**** MATERIAL SHOWN
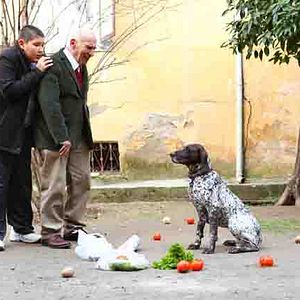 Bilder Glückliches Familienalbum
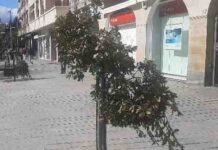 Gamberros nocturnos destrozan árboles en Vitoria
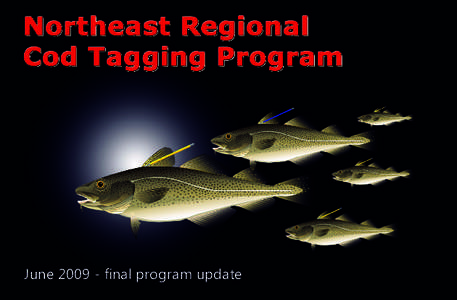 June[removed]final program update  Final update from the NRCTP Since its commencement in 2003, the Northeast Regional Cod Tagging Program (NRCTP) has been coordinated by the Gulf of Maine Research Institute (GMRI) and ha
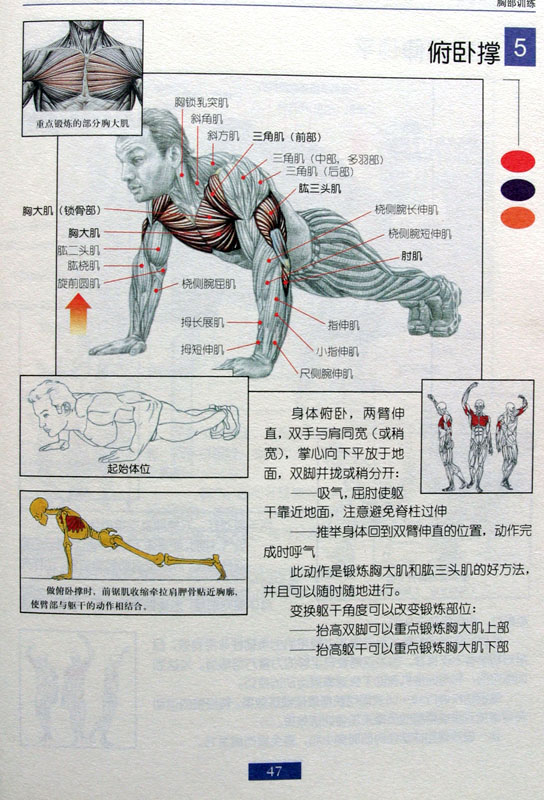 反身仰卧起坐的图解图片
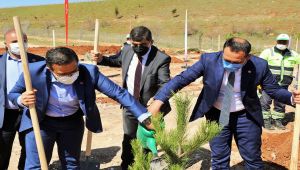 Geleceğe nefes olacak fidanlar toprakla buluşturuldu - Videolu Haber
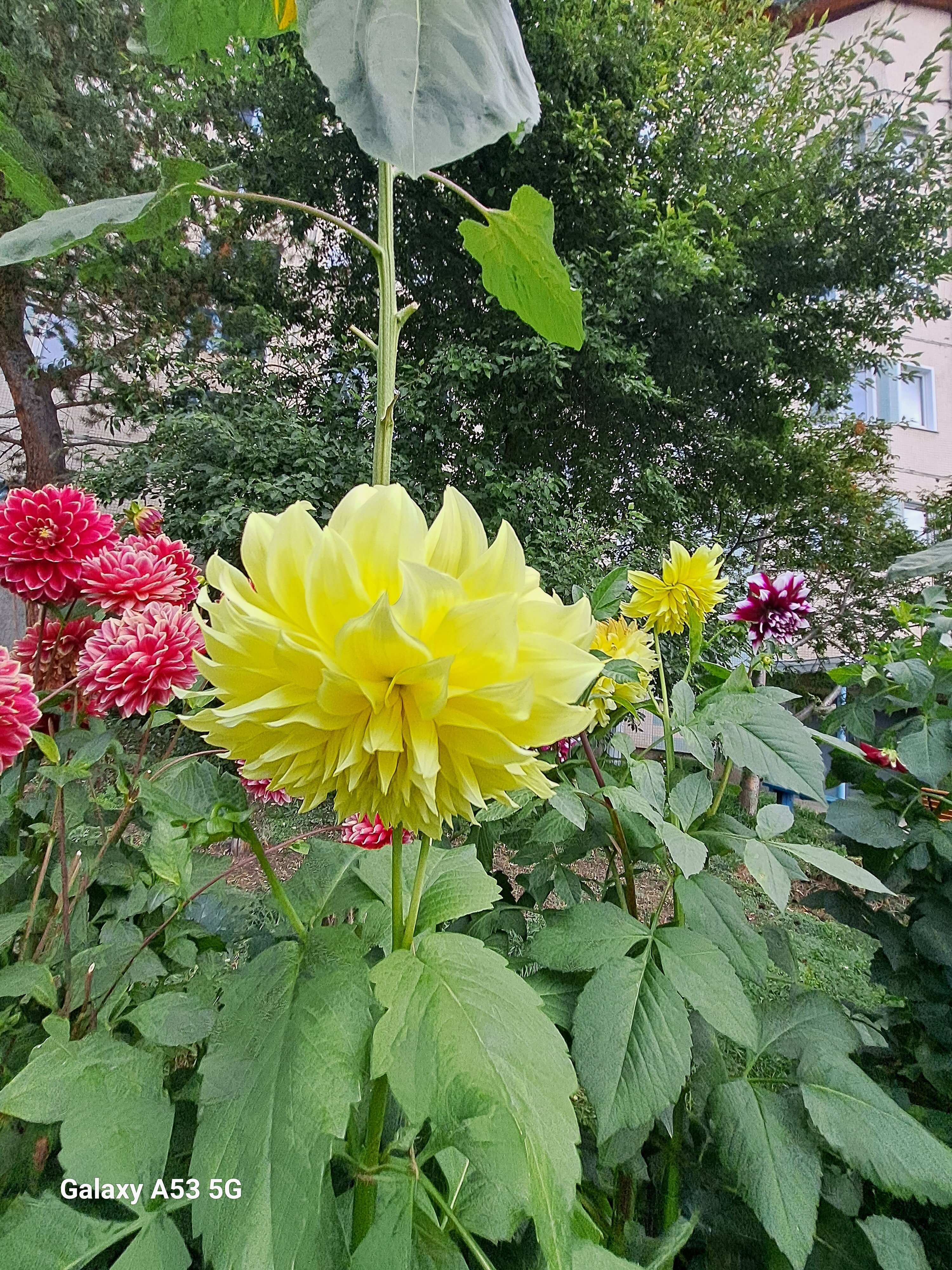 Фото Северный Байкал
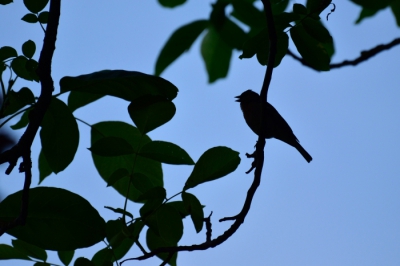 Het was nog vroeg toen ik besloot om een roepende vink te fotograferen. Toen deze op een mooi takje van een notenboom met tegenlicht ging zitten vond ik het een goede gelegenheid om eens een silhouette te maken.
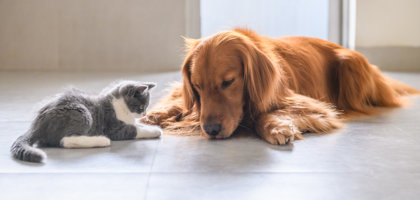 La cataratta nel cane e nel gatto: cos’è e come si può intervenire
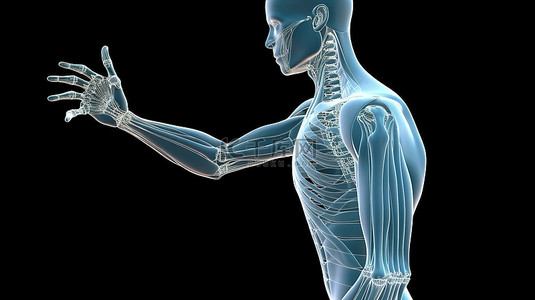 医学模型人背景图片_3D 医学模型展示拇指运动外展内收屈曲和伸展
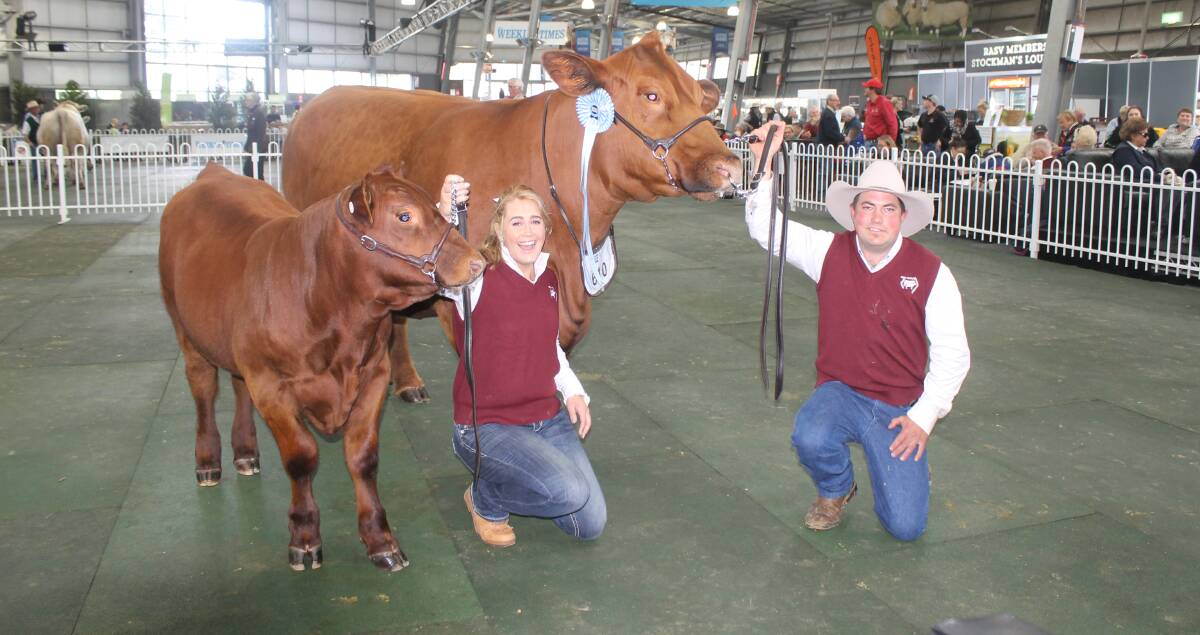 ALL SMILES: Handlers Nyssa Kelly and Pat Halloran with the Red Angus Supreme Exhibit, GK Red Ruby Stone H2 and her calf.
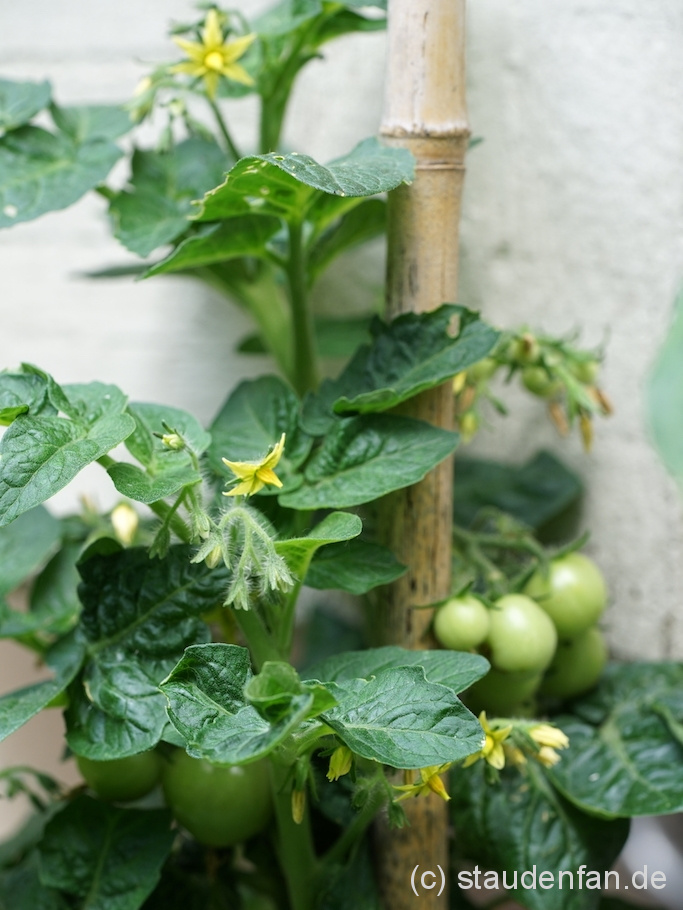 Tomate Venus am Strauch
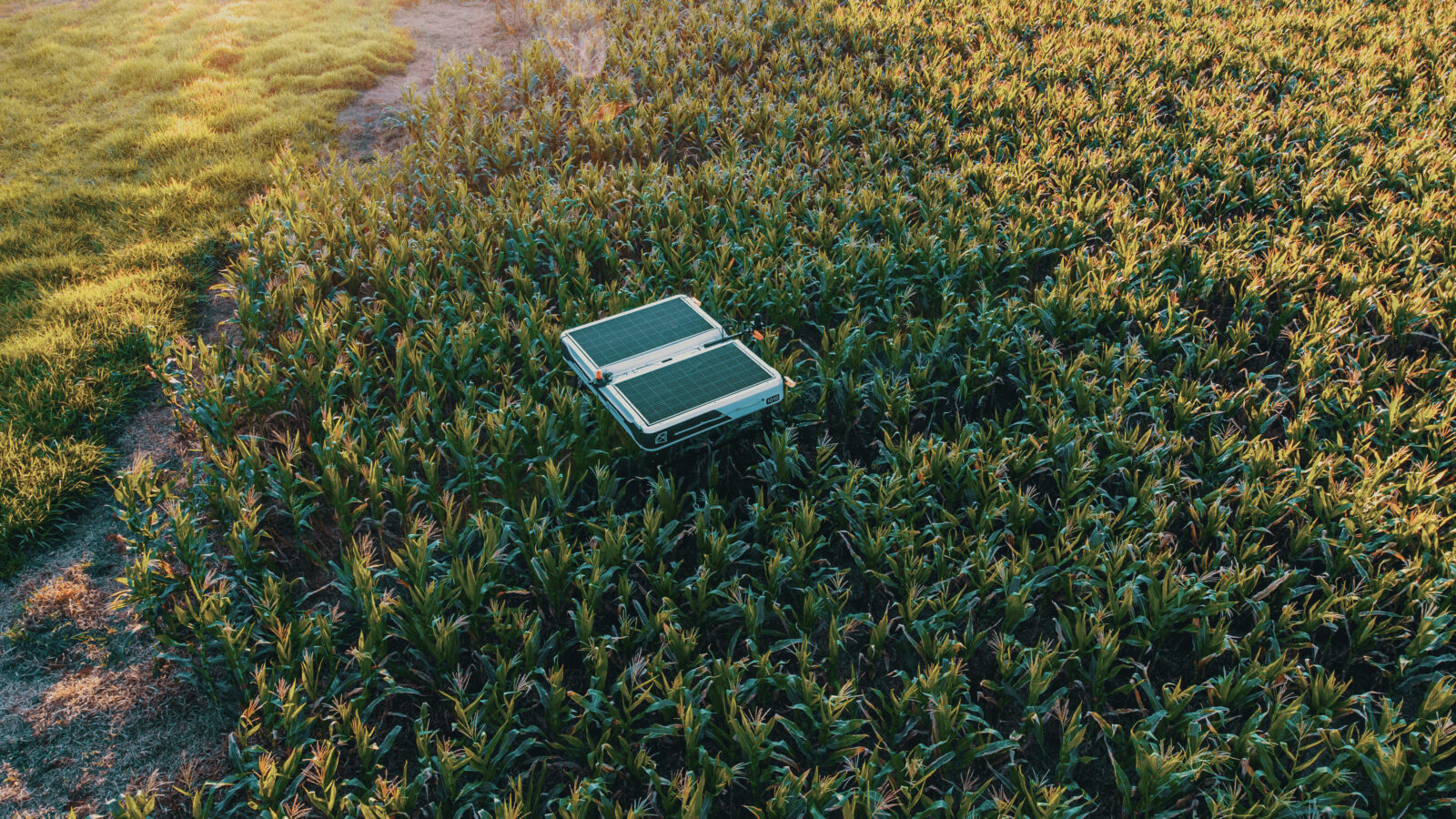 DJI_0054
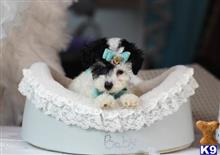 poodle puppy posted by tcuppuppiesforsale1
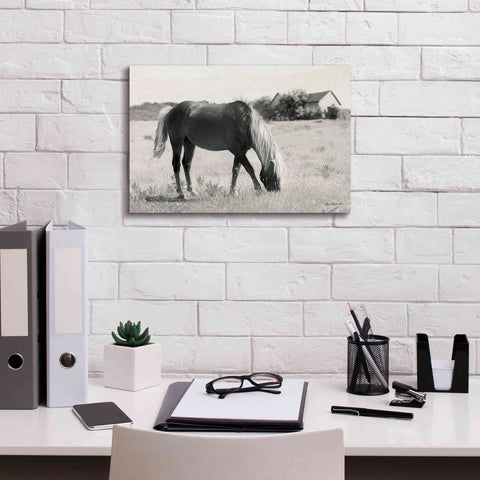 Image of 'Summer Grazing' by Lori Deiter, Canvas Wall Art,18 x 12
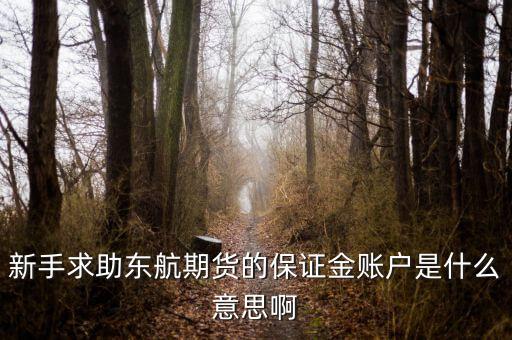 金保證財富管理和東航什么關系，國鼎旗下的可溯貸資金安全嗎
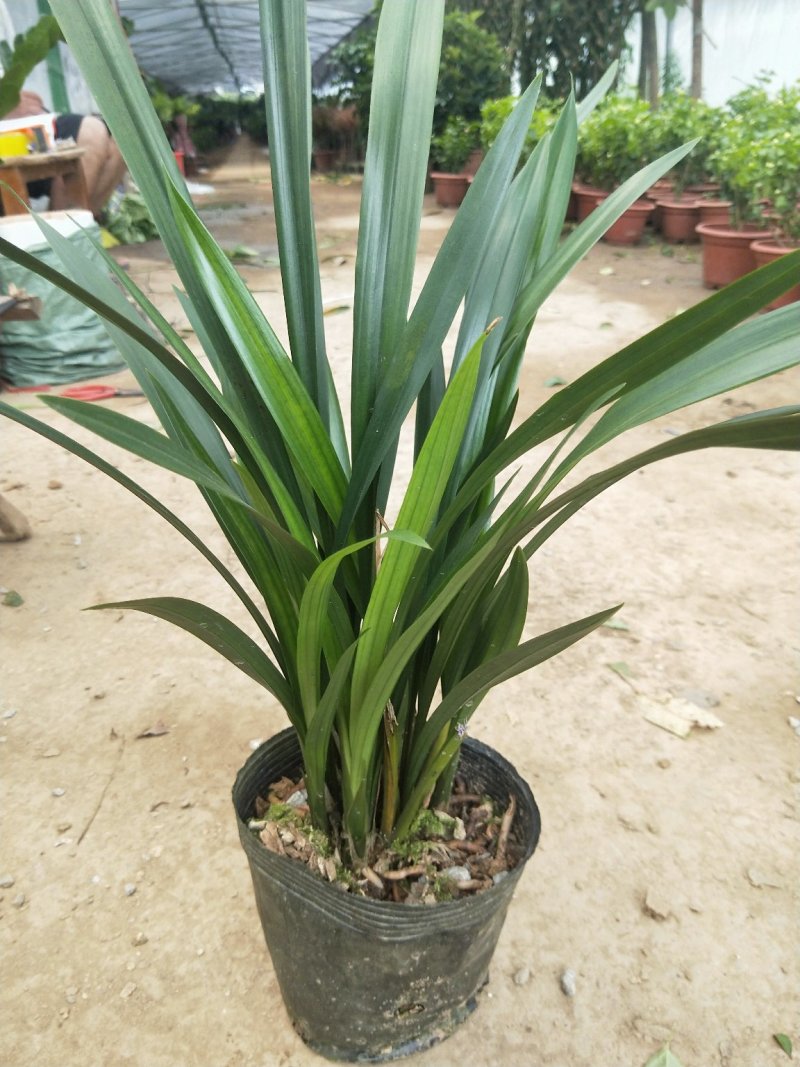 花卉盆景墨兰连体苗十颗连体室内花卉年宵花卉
********
What the response needs is every entry, repeated exactly, and none of the pictures.

- ANSWER FOR THE TASK -
 Bilder Glückliches Familienalbum
 Gamberros nocturnos destrozan árboles en Vitoria
 June[removed]final program update  Final update from the NRCTP Since its commencement in 2003, the Northeast Regional Cod Tagging Program (NRCTP) has been coordinated by the Gulf of Maine Research Institute (GMRI) and ha
 反身仰卧起坐的图解图片
 Geleceğe nefes olacak fidanlar toprakla buluşturuldu - Videolu Haber
 Фото Северный Байкал
 Het was nog vroeg toen ik besloot om een roepende vink te fotograferen. Toen deze op een mooi takje van een notenboom met tegenlicht ging zitten vond ik het een goede gelegenheid om eens een silhouette te maken.
 La cataratta nel cane e nel gatto: cos’è e come si può intervenire
 医学模型人背景图片_3D 医学模型展示拇指运动外展内收屈曲和伸展
 ALL SMILES: Handlers Nyssa Kelly and Pat Halloran with the Red Angus Supreme Exhibit, GK Red Ruby Stone H2 and her calf.
 Tomate Venus am Strauch
 DJI_0054
 poodle puppy posted by tcuppuppiesforsale1
 Image of 'Summer Grazing' by Lori Deiter, Canvas Wall Art,18 x 12
 金保證財富管理和東航什么關系，國鼎旗下的可溯貸資金安全嗎
 花卉盆景墨兰连体苗十颗连体室内花卉年宵花卉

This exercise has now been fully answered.